Exercise: Apart from the pictures, return every line of the listing exactly.

───── Extracted data ─────

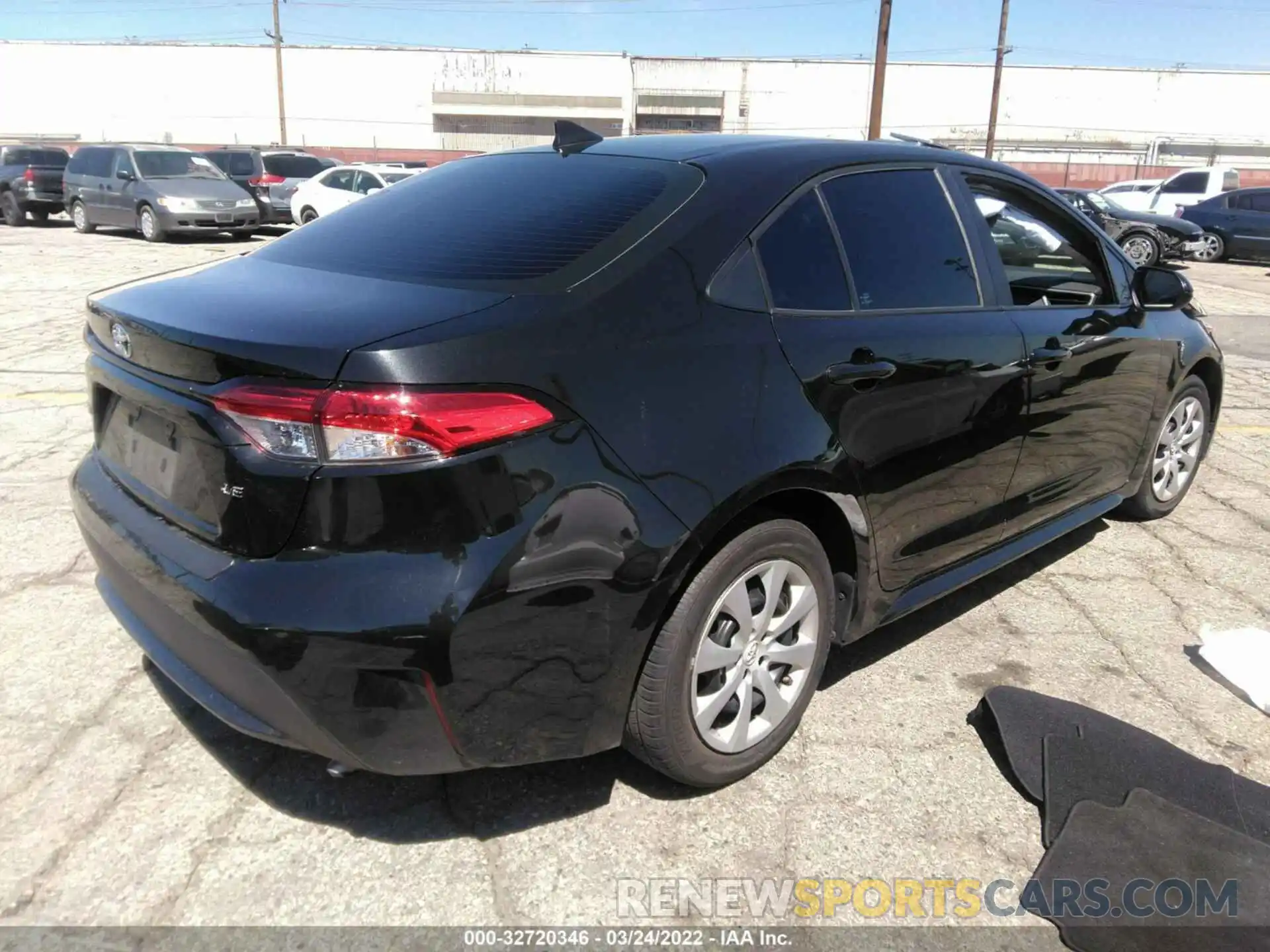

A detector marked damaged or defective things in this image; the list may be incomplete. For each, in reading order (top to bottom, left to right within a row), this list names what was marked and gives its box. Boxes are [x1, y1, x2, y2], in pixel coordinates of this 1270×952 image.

cracked asphalt pavement [0, 223, 1265, 934]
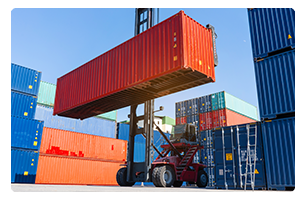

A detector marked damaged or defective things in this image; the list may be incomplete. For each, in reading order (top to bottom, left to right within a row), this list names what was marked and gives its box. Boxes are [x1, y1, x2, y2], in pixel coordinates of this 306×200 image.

rust stain on container [53, 10, 215, 119]
rust stain on container [40, 127, 126, 162]
rust stain on container [35, 155, 122, 186]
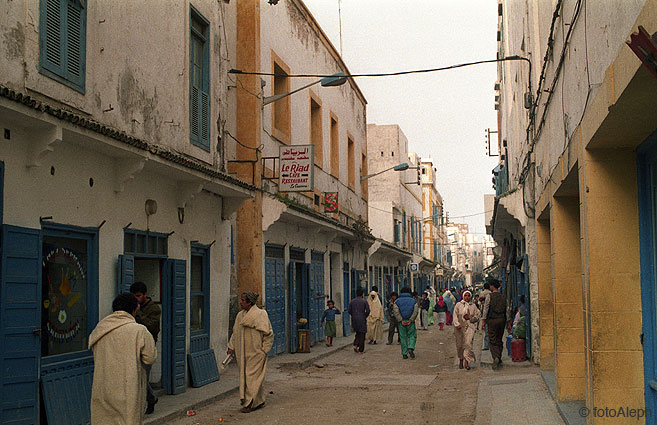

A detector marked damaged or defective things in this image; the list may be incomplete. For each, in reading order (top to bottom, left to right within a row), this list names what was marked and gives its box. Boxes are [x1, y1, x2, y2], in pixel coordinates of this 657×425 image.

peeling plaster wall [0, 1, 236, 170]
peeling plaster wall [258, 0, 366, 224]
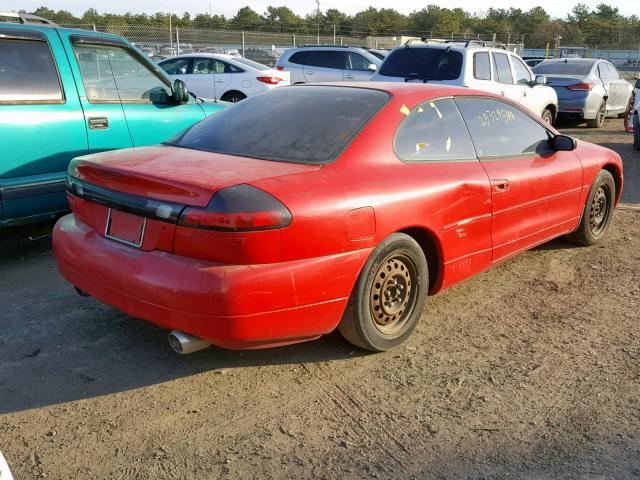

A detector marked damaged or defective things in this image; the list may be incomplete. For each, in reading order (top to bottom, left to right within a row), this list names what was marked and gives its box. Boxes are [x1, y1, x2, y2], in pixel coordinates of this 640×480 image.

rusty steel wheel [336, 233, 430, 352]
rusty steel wheel [368, 253, 418, 336]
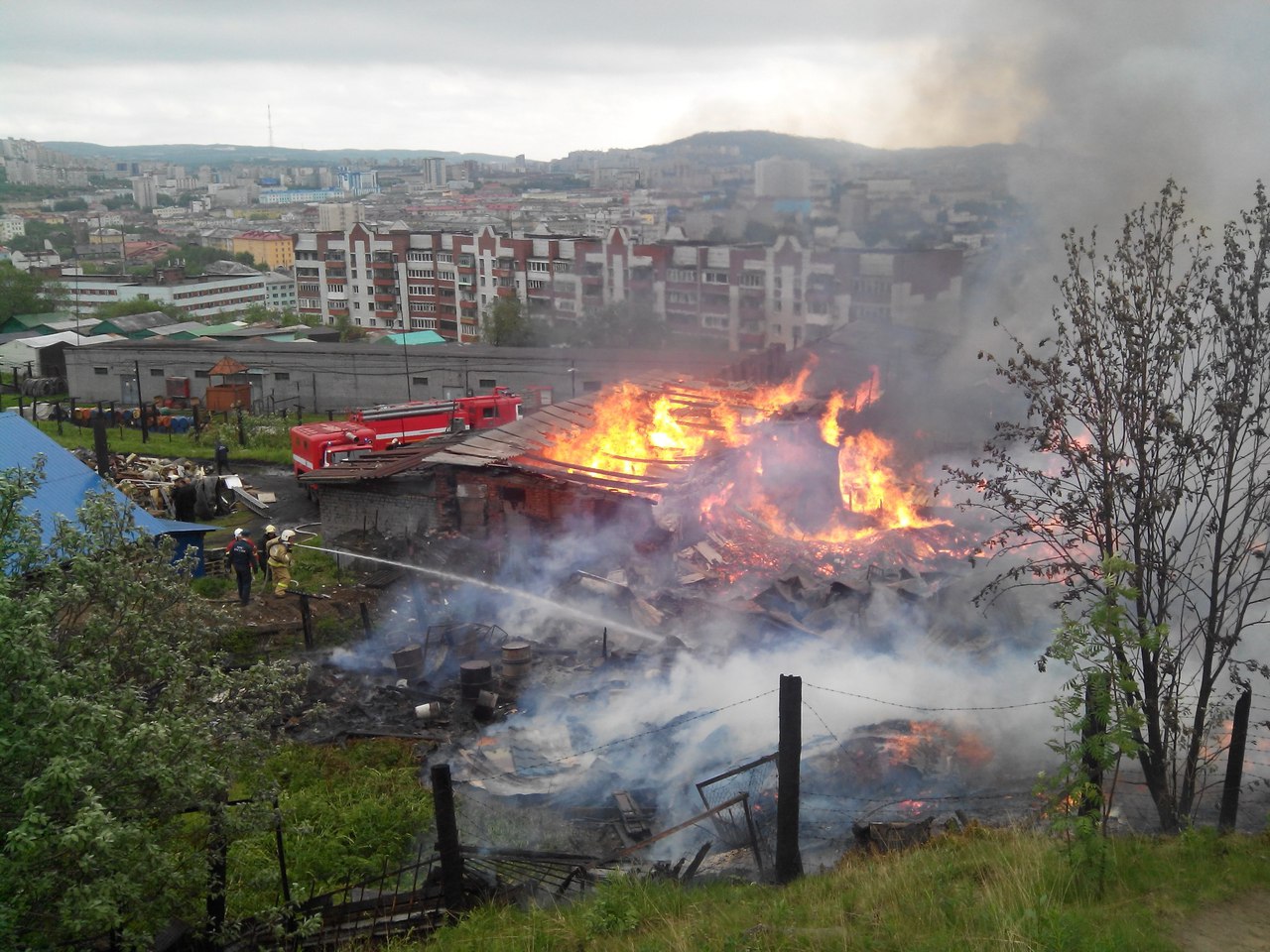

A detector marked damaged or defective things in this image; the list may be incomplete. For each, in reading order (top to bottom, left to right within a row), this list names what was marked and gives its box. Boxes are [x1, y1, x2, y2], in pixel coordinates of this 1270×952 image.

rusty barrel [388, 645, 424, 680]
rusty barrel [459, 659, 492, 705]
rusty barrel [497, 645, 533, 690]
charred post [432, 767, 467, 913]
charred post [772, 669, 802, 889]
charred post [1218, 690, 1249, 832]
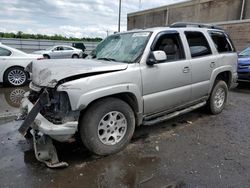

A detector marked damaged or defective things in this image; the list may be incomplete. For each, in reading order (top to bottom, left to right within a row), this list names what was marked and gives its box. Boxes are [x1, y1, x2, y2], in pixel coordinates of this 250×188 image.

─────

Result:
A detector marked damaged or defective things in this image; the list may be incomplete. For each, in reading order (top to bottom, left to right within a row), this list names what was marked and gives its box. Boxes are [x1, y1, x2, y2], in pixel coordinates of this 1270×952 image.

cracked asphalt pavement [0, 223, 1265, 934]

A detector marked damaged or defective things in this image; the list may be incomplete. For each, in reading order (top to bottom, left to right within a row), this list names what was marked and gives its box. Boxes are [x1, y1, x2, y2], in pixel coordinates of this 306×200 image.

rust stain on container [53, 10, 215, 119]
rust stain on container [40, 127, 126, 162]
rust stain on container [35, 155, 122, 186]

A detector marked damaged or defective things in this image; the list may be incomplete. For each, in reading order (top to bottom, left to right within a row), this list names what was marked and gives its box. Boxes are [x1, y1, x2, y2], in pixel coordinates of this 657×425 image.

peeling plaster wall [0, 1, 236, 170]
peeling plaster wall [258, 0, 366, 224]

A detector marked damaged or defective things in this image; the list may be incomplete. For each, in reading order (top to bottom, left to right within a row), this list names what was marked and gives its box. Boxes are [x1, y1, x2, y2], in pixel coordinates of this 640×480 image.

rusty steel wheel [336, 233, 430, 352]
rusty steel wheel [368, 253, 418, 336]

A detector marked damaged or defective things in this image; the list may be incomplete. For each, in reading order (top to bottom, left to right within a row), this list names what was marked and gives its box. Boxes are [x1, y1, x2, y2], in pixel coordinates of this 1270×952 image.

rusty barrel [388, 645, 424, 680]
rusty barrel [459, 659, 492, 705]
rusty barrel [497, 645, 533, 690]
charred post [432, 767, 467, 913]
charred post [772, 669, 802, 889]
charred post [1218, 690, 1249, 832]

A detector marked damaged or defective things in this image; the list may be incomplete. For each, in reading order (top to bottom, left to right within a row), this list names what was marked and gives its box. Boxes are [x1, y1, x2, y2], in pixel coordinates of this 250×188 image.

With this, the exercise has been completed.